FlexibleRails Book – Part One
The book Flexible Rails, by Peter Armstrong, is a guide into building Rich Internet Applications using Flex as the front end to a Ruby on Rails Application. It started out as a PDF download at Lulu.com. Eventually, it became a Manning book.
Since its inception, the author wrote the book as, us, the readers, worked thru the exercises. One important aspect of these technologies worht pointing out is that Flex has gone thru one major revision and Rails has gone through at least one minor revision. For each of these updates to the technologies used in the book, Peter has completely reworked the book. Even more peculiar is that Peter explains the code in Mac, Linux AND Windows version… Remember these three platforms differ ever so slightly on syntax at the command prompt for rails. Most of everything else is the same across these three. He even went as far as to refactor the code into Cairngorm and RubyAMF. These were not even part of his original version of the book. Lastly, he keeps google groups for the readers which he actively participates in AND Manning has a forum for the book which Peter frequents as well. How cool is that?
I had worked throu most of book in PDF form with Flex 2 Builder back in September and found the merging of Flex and Rails very intriguing. Having spent most of my professional time writing database-driven Coldfusion applications, Rails is both easy to pick up and a bit more agile to boot! I’ve been trying to get my colleagues exited about both Flex and Rails separately for the longest time with little success.
This book is a great example of how to use both these technologies to create applications that beat the pants out of the usual html gui we see everyday. Likewise, if you can get your colleagues to read it, I think this book would be very valuable persuading them to give either Flex or rails a chance… Why do some people need so much convincing?!
Anyways, as soon as the paper print came out, I ordered from Manning and put in shelf for when I had time to do again, now with Flex 3 and Rails 2.x goodness. I even archived old codebase anxiously anticipating doing the paper version.
Well, with growing frustrations trying to wrap up chapter Four of Programming Collective Intelligence so I can put a search engine here, I decided the time was right to revisit Flexible Rails book.
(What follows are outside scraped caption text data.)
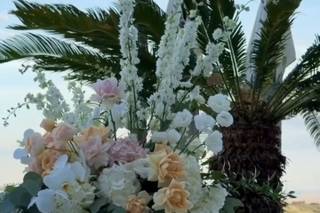 Margi Events - 7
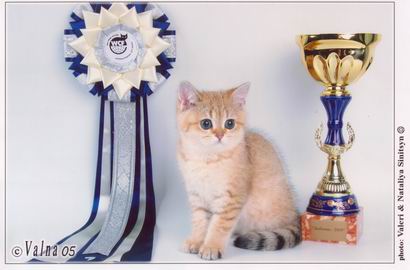 британская кошка золотая шиншилла Heliya Peppercats
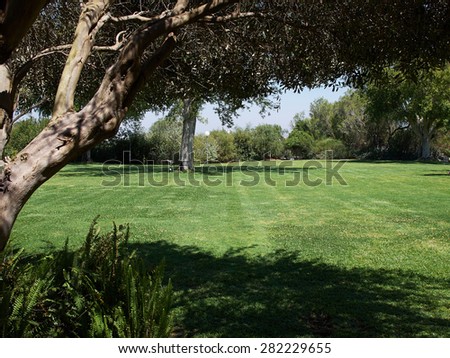 Green grass lawn field in big Mediterranean style design garden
I just finished Part one of Flexible Rails last night and I am up and running with a Flex and Rials app I can both join and log into. Yipee!
The print version gives me the impression that the author is having a conversation with the reader while the reader works thru the code. This is most likely becuase I’ve been doing this book for longer than usual by now. Still, the commentary is great and should not be skipped; it contains the whys and the hows on the way the application is being developed. More than once, I’ve followed his code exactly and it does not work… Each time I’ve gone back and re-read his commentary to find an ‘I told you it wasn’t gonna work if you do that’.
As soon as Peter gets his next book writen; I’ll be sending my money!